Give the data a second time, exactly and in full.

** Opening Data for processing block **

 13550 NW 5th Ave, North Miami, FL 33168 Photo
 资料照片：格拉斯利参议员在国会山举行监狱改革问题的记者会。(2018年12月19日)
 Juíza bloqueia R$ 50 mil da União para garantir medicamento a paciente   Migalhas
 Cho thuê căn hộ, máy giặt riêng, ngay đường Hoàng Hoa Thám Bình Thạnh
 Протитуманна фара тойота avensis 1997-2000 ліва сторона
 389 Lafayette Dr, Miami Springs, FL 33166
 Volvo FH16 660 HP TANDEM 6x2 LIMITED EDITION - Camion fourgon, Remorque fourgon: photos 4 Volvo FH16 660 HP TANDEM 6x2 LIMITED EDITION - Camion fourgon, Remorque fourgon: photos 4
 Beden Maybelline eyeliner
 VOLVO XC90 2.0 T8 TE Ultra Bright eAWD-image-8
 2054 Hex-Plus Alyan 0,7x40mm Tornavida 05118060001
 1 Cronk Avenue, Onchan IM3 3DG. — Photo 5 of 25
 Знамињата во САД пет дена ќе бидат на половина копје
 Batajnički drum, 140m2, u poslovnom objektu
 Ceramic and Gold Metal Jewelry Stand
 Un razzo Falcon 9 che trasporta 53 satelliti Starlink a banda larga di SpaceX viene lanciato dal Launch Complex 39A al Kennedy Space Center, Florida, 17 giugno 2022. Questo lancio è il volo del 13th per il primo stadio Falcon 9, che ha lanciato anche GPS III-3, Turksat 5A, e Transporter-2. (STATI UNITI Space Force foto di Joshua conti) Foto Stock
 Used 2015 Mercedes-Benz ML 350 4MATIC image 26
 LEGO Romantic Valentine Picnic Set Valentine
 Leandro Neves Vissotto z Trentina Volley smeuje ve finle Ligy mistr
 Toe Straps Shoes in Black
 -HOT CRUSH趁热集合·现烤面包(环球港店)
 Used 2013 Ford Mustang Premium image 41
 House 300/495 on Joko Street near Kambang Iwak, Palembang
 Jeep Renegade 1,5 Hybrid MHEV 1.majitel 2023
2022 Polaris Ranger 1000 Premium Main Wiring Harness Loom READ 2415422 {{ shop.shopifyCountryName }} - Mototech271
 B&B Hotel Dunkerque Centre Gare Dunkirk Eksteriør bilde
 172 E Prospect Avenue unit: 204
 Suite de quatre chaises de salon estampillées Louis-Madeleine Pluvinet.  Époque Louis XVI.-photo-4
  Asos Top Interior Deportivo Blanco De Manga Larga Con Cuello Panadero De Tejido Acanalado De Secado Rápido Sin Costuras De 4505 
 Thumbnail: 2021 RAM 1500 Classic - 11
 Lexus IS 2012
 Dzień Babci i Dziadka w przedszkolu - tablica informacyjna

** Closing Data for processing block **

**Response to the task**
 13550 NW 5th Ave, North Miami, FL 33168 Photo
 资料照片：格拉斯利参议员在国会山举行监狱改革问题的记者会。(2018年12月19日)
 Juíza bloqueia R$ 50 mil da União para garantir medicamento a paciente   Migalhas
 Cho thuê căn hộ, máy giặt riêng, ngay đường Hoàng Hoa Thám Bình Thạnh
 Протитуманна фара тойота avensis 1997-2000 ліва сторона
 389 Lafayette Dr, Miami Springs, FL 33166
 Volvo FH16 660 HP TANDEM 6x2 LIMITED EDITION - Camion fourgon, Remorque fourgon: photos 4 Volvo FH16 660 HP TANDEM 6x2 LIMITED EDITION - Camion fourgon, Remorque fourgon: photos 4
 Beden Maybelline eyeliner
 VOLVO XC90 2.0 T8 TE Ultra Bright eAWD-image-8
 2054 Hex-Plus Alyan 0,7x40mm Tornavida 05118060001
 1 Cronk Avenue, Onchan IM3 3DG. — Photo 5 of 25
 Знамињата во САД пет дена ќе бидат на половина копје
 Batajnički drum, 140m2, u poslovnom objektu
 Ceramic and Gold Metal Jewelry Stand
 Un razzo Falcon 9 che trasporta 53 satelliti Starlink a banda larga di SpaceX viene lanciato dal Launch Complex 39A al Kennedy Space Center, Florida, 17 giugno 2022. Questo lancio è il volo del 13th per il primo stadio Falcon 9, che ha lanciato anche GPS III-3, Turksat 5A, e Transporter-2. (STATI UNITI Space Force foto di Joshua conti) Foto Stock
 Used 2015 Mercedes-Benz ML 350 4MATIC image 26
 LEGO Romantic Valentine Picnic Set Valentine
 Leandro Neves Vissotto z Trentina Volley smeuje ve finle Ligy mistr
 Toe Straps Shoes in Black
 -HOT CRUSH趁热集合·现烤面包(环球港店)
 Used 2013 Ford Mustang Premium image 41
 House 300/495 on Joko Street near Kambang Iwak, Palembang
 Jeep Renegade 1,5 Hybrid MHEV 1.majitel 2023
2022 Polaris Ranger 1000 Premium Main Wiring Harness Loom READ 2415422 {{ shop.shopifyCountryName }} - Mototech271
 B&B Hotel Dunkerque Centre Gare Dunkirk Eksteriør bilde
 172 E Prospect Avenue unit: 204
 Suite de quatre chaises de salon estampillées Louis-Madeleine Pluvinet.  Époque Louis XVI.-photo-4
  Asos Top Interior Deportivo Blanco De Manga Larga Con Cuello Panadero De Tejido Acanalado De Secado Rápido Sin Costuras De 4505 
 Thumbnail: 2021 RAM 1500 Classic - 11
 Lexus IS 2012
 Dzień Babci i Dziadka w przedszkolu - tablica informacyjna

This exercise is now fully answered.